I've planted several hue plants, the scrambling Lagenaria siceraria, having last grown them three seasons ago. This plant seems to be another South American import.

Sunday, December 10, 2006

The Diffusion of Sustainable Technologies to Maori Land: A Case Study of Participation by Maori in Agri-Food Networks




Abstract: Within innovation diffusion literature, indigenous peoples have historically been described as ‘laggards’: slow to adopt new technologies. While accepted as the originators of (acceptably ‘quaint’) traditions, Maori, like other indigenous peoples, are targeted as passive adopters of new and theoretically beneficial innovations. However within sustainability discourse, indigenous peoples are considered to possess innovations conducive to sustainability. For Maori, this assumption has converged with niche marketing strategies in agri-food networks and Maori initiatives to participate in research programmes. This paper details the diffusion of innovative objects in the form of taewa or ‘Maori potatoes’ within sustainability research programmes. Knowledge sourced from Maori in their role as kai tiaki of taewa have seen attempts by research institutions to accommodate Maori growers within collaborative programmes. However, the intended diffusion of collaborative research with Maori outwards from ‘core’ research institutions is paradoxically reliant on a counter-diffusion of ‘Matauranga Maori’ from Maori growers.
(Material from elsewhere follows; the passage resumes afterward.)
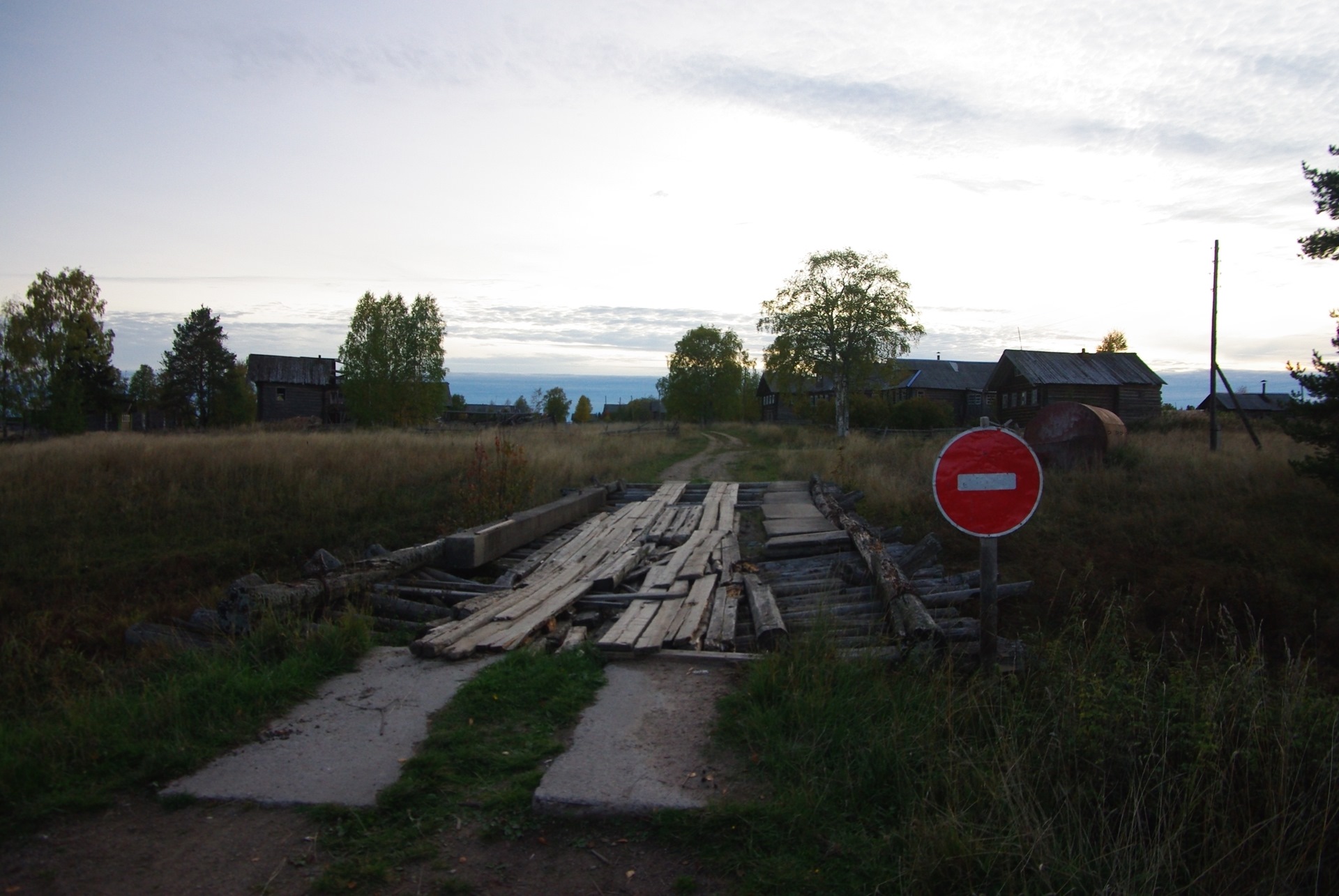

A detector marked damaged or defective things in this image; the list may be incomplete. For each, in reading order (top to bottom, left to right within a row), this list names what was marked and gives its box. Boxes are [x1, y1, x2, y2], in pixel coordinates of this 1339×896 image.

rusty barrel [1032, 402, 1127, 471]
This counter-diffusion is subject to validation from Maori collectives: if cooperation is withdrawn by these collectives, progress is not possible. Rather than the non-adoption of sustainable technologies by Maori, such withdrawal is interpreted as non-participation in unsustainable networks.

Keywords: Maori horticulture, agri-food networks, potatoes, innovation diffusion.

Friday, January 20, 2006

the new tunnel house...

After two years in the planning, it was only a 3 day job, like the Resurrection. Have missed out on picking up many of the seedlings I would've like to have planted (do have a Thai Basil that might go on). I'm going to transplant my underperforming Lemon tree inside...quietly cutting the roots through.



The frame was built around two existing plants, a Jerusalem artichoke and a rhubarb. The lemon tree will go where that compost is lying.

Monday, January 09, 2006

Sockburn Summer Garden progress




Feared the worst after hearing of nor-west gusts and hail storms but the garden survived largely intact. In fact the worse problem is some signs of virus on my kamo kamo (possibly picked up from a neighbouring courgette plant).




Here's a picture of a small kamo kamo. Ready for picking and a light boil and served up with taewa ... I have huakaroro this season)(and yes, the afficianado would insist on pata and tote).

Friday, January 14, 2005

Rationality gone mad..."Voltaire's Bastards"

Currently rereading John Ralston Saul "Voltaires Bastards", a book I first read around 5 years ago (then lent to a mate, my tattoist, Martin Saddler, who promptly lost it and all his and partner Vanya Tickles' possessions in a house fire on the Otago Peninsula). Saul hoes into the 'feudal fiefdoms' that I recognise in university research, especially matauranga Maori. We are guarding our little patches (and believe me, they are little) against all-comers, as if we can't believe some fool locked us in the lolly shop. And we parody the Enlightenment call for free and open rational debate, all the time holding to a self-agrandising display: colonial mutton dressed up as cultural lamb.

Had a classic display of this in my project where, for purposes of statistical analyses I was told (by a senior Maori scientist recently bestowed with a Queens honour, for what it's worth...) that the most important thing was to have a 'Representative Sample Group of Maori Growers', known for the rest of that meeting as the RSMG (gotta have an acronym, right...). Anyway, I always thought that would be a tricky thing to get, given that Statistics NZ has struggled to identfy Maori (as they acknowledge themselves...goddam uncontrolled sex lives that we had in the colony...).